Task objective -
Give the data below again exactly, and drop each picture from it.

Raw data -

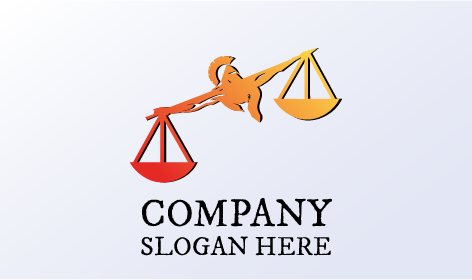 Logo D'avocat De Conseil Juridique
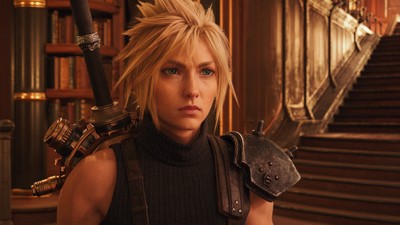 Final Fantasy VII Rebirth Poster #39156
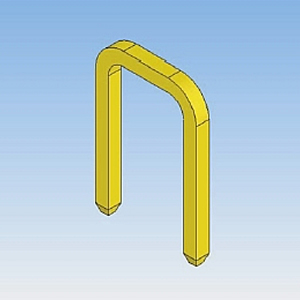  - Connector terminals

Expected answer -
 Logo D'avocat De Conseil Juridique
 Final Fantasy VII Rebirth Poster #39156
  - Connector terminals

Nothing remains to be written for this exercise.